Open-Source Significance

  • Reproducibility: Facilitates verification and expansion by other researchers.
  • Transparency: Allows the public and regulatory bodies to understand LLM performance in ethical decision-making.
  • Methodological reference: Provides an experimental framework reference for AI ethics research.
5

Section 05

Potential Findings and Implications: Text vs. Image Differences and Cross-Model Comparisons

Text vs.

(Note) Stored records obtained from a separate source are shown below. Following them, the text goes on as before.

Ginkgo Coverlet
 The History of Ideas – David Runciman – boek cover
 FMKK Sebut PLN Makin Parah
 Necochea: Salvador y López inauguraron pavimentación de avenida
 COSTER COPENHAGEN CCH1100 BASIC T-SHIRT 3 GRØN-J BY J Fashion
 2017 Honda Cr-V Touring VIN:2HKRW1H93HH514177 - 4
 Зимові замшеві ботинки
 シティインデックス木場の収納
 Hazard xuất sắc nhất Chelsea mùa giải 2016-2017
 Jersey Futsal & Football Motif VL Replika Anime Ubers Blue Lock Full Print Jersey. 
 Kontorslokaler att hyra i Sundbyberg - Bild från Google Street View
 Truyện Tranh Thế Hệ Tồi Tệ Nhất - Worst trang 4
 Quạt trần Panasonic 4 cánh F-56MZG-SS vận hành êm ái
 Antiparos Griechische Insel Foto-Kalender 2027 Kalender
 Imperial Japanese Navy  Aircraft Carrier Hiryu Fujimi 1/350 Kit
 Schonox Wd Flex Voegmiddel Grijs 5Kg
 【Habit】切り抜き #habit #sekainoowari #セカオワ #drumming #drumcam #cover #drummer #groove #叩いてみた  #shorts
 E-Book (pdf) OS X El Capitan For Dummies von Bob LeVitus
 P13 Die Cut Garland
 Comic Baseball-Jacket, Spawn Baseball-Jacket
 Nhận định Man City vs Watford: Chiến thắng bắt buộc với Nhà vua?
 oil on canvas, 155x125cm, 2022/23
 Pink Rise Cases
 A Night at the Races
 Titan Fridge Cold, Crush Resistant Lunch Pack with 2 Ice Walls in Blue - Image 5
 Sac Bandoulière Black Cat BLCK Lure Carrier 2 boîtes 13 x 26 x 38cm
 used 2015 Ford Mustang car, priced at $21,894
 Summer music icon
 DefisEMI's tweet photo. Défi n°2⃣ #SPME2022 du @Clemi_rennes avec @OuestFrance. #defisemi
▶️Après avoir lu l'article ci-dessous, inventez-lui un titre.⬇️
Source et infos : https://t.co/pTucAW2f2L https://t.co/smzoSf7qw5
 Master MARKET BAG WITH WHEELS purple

Image Differences

If a model's decisions are inconsistent between text and image conditions, it may mean that visual understanding introduces additional biases, or that text descriptions cannot fully capture associations triggered by visuals.

Impact of Role Settings

Through testing three roles, we can examine whether the model maintains role consistency or adjusts moral reasoning to meet role expectations.

Cross-Model Comparisons

Comparing the performance of the three models can reveal whether different training data and safety alignment strategies lead to systematic value differences, and whether there are neutral models or those with specific preferences.

6

Section 06

Limitations and Ethical Considerations: Methodological Constraints and Research Ethics Challenges

Methodological Limitations

  • Simplified scenarios: Real autonomous driving ethical decisions are more complex than binary choices.
  • Dataset bias: FairFace, though carefully curated, may still have specific demographic distribution characteristics.
  • Laboratory environment: Temperature=0 ensures reproducibility but may not reflect randomness in real-world deployment.

Research Ethics

  • Should AI be allowed to make life-or-death decisions (even in simulations)?
  • Who has the right to decide the 'correct' direction of moral alignment after biases are found?
  • Could publicizing findings be maliciously exploited? The researchers address some of these concerns through open-source practices—transparency is the first step toward trust.
7

Section 07

Implications for AI Alignment Research: Methodological Contributions

This study provides an important direction for the AI safety field: shifting from abstract value alignment discussions to concrete, measurable bias detection. Methodological contributions include:

  1. Multimodal bias testing framework: Systematically comparing model behavior under text and visual inputs.
  2. Mirrored control technology: A reusable experimental template to eliminate position bias and framing effects.
  3. Large-scale comparative study: A demonstration of organizing complex experiments across multiple commercial APIs.
8

Section 08

Conclusion: Ethical Safety is Essential for High-Risk LLM Applications

As LLMs move from chatbots to domains like autonomous driving and medical diagnosis, understanding their moral decision-making patterns is essential for safety. Through rigorous design and open-source practices, this study contributes to exploring key issues. Regardless of the results, it reminds us: technological capability development must keep pace with understanding of value orientations, and more research is needed to illuminate the ethical landscape inside the black box before deploying AI in life-impacting scenarios.